(THE INPUT)
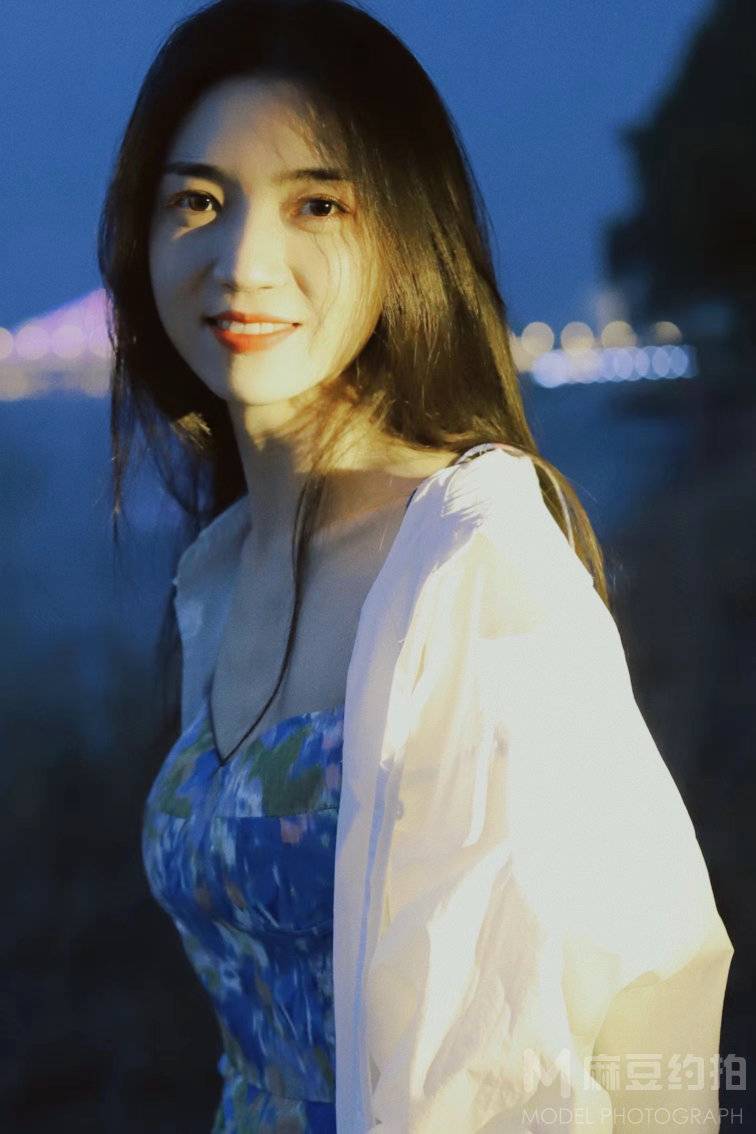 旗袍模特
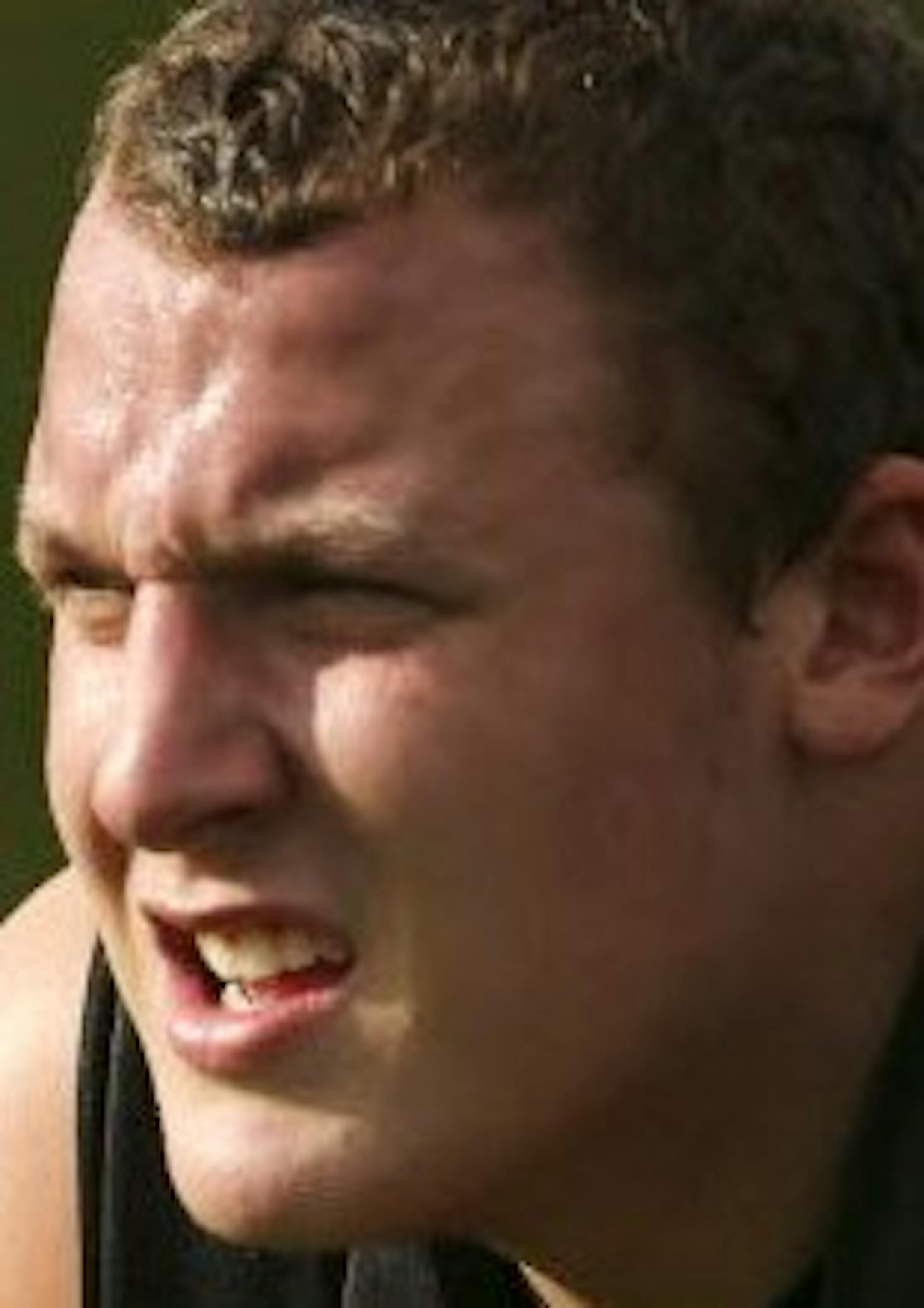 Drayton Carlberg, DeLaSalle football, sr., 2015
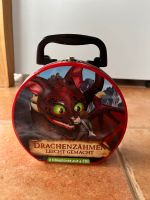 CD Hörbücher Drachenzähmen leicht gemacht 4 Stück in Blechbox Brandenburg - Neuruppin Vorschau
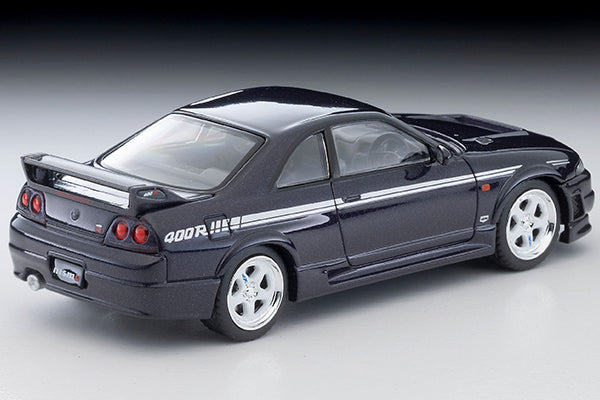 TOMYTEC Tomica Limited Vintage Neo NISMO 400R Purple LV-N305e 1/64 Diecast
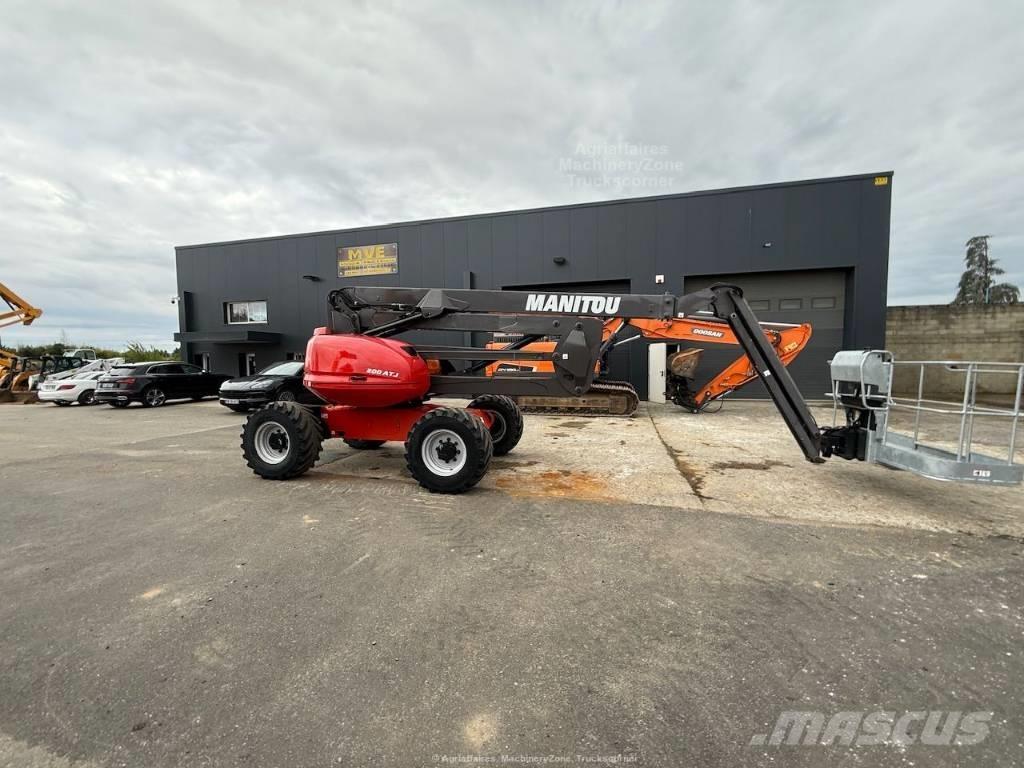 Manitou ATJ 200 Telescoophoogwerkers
(End THE INPUT)
(THE INPUT)
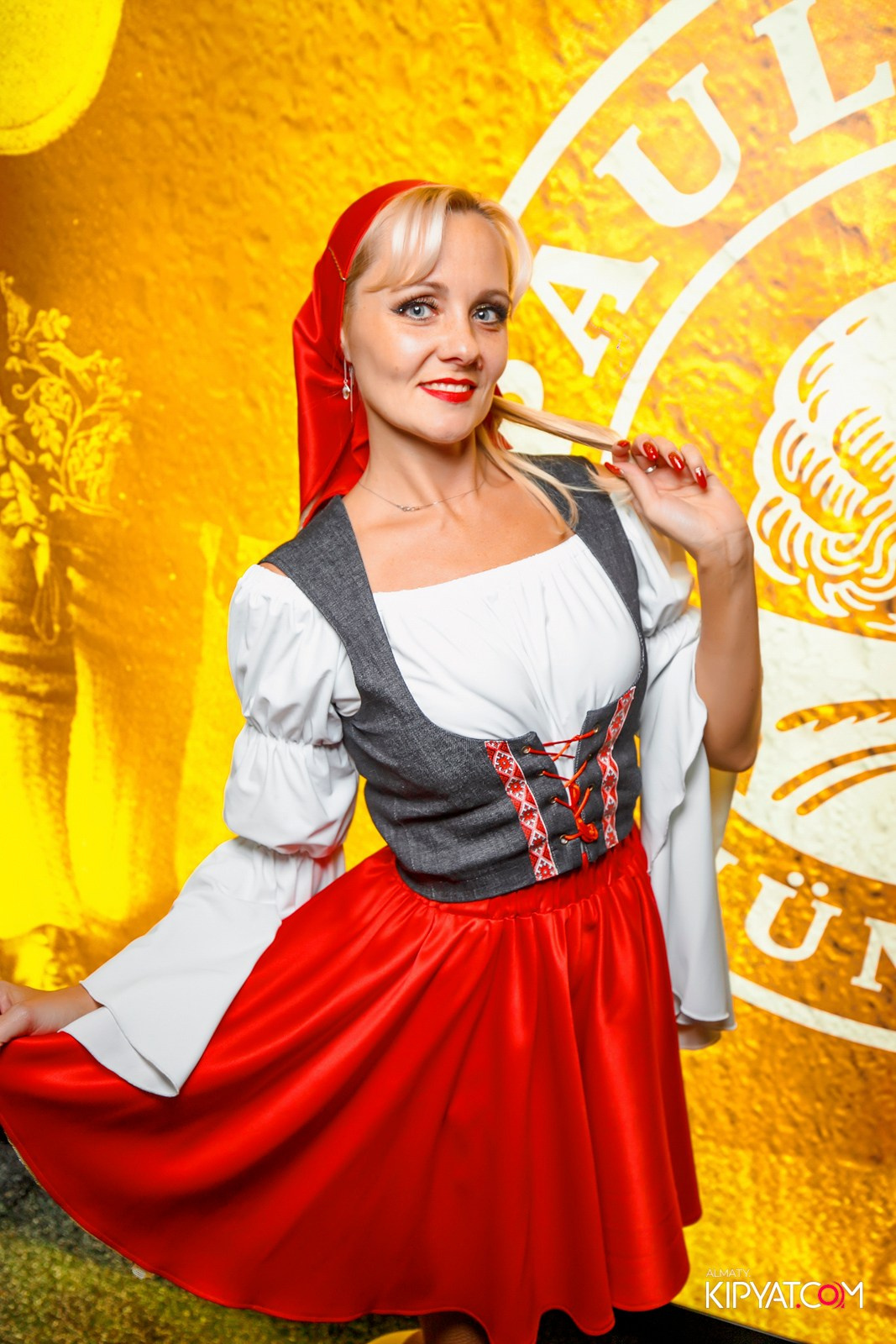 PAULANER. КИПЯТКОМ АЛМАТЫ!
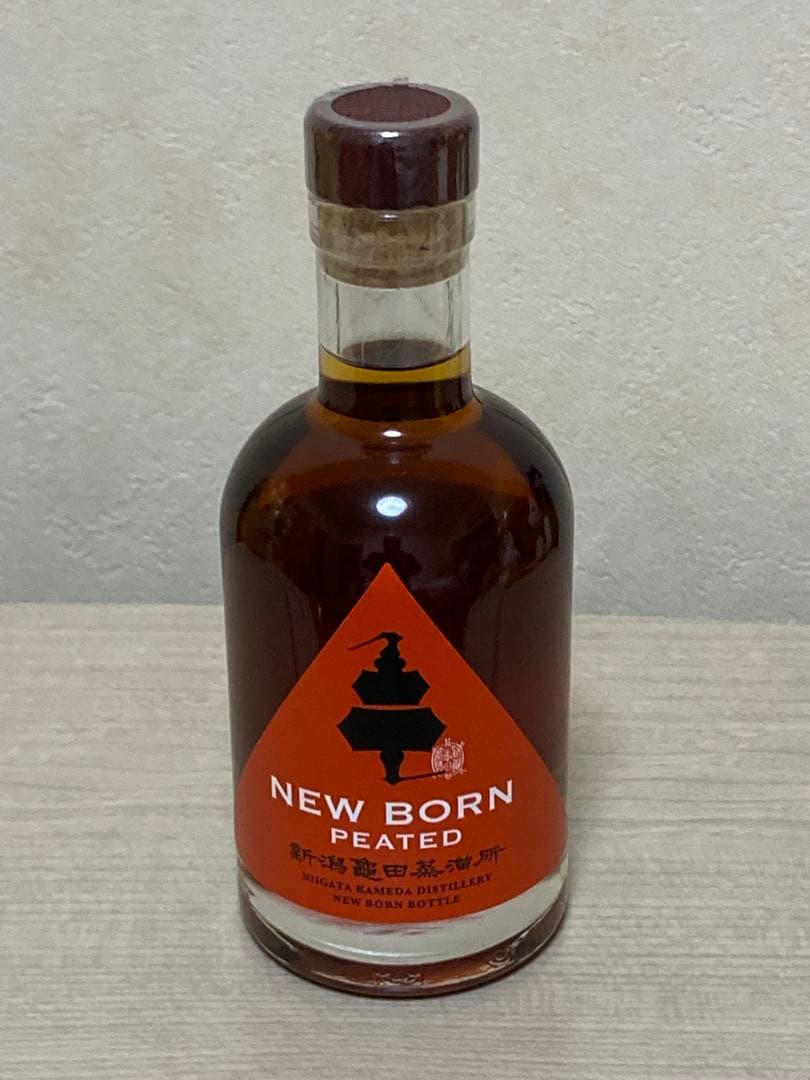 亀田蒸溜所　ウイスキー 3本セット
(End THE INPUT)
(THE INPUT)
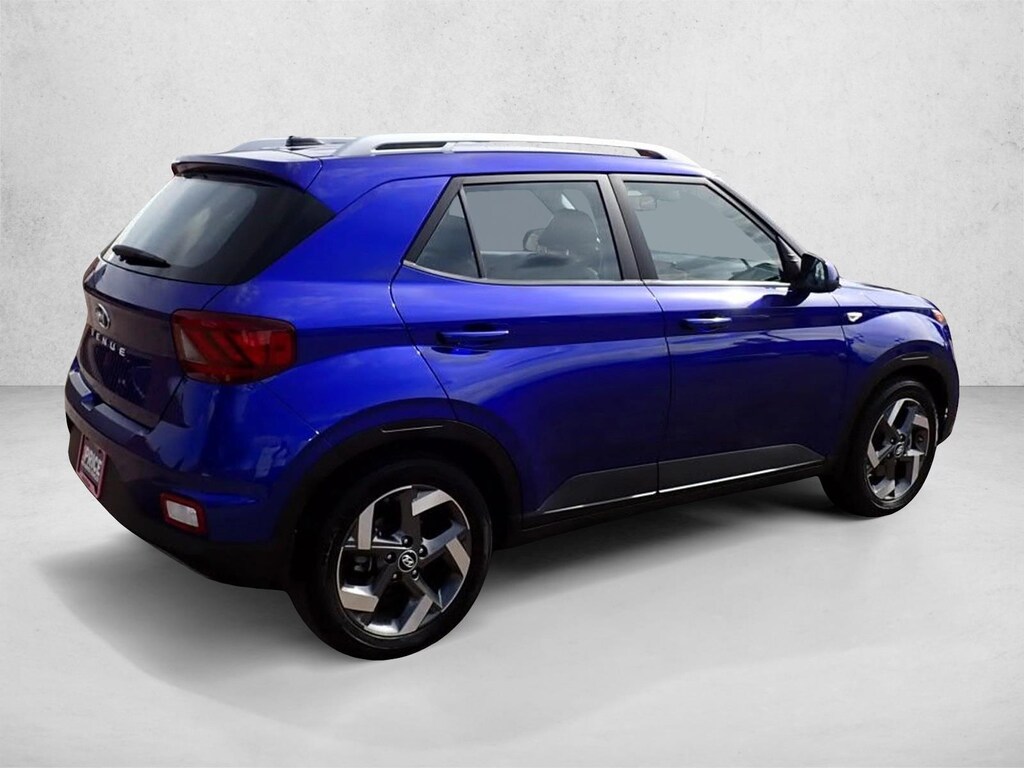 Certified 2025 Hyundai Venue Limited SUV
(End THE INPUT)
WHAT THE EXERCISE ASKS.
Using the listing above, repeat word for word each line from the one with "CD Hörbücher Drachenzähmen" down to the one with "Manitou ATJ 200 Telescoophoogwerkers", both included. Omit all pictures.

RESPONSE TO THE EXERCISE.
 CD Hörbücher Drachenzähmen leicht gemacht 4 Stück in Blechbox Brandenburg - Neuruppin Vorschau
 TOMYTEC Tomica Limited Vintage Neo NISMO 400R Purple LV-N305e 1/64 Diecast
 Manitou ATJ 200 Telescoophoogwerkers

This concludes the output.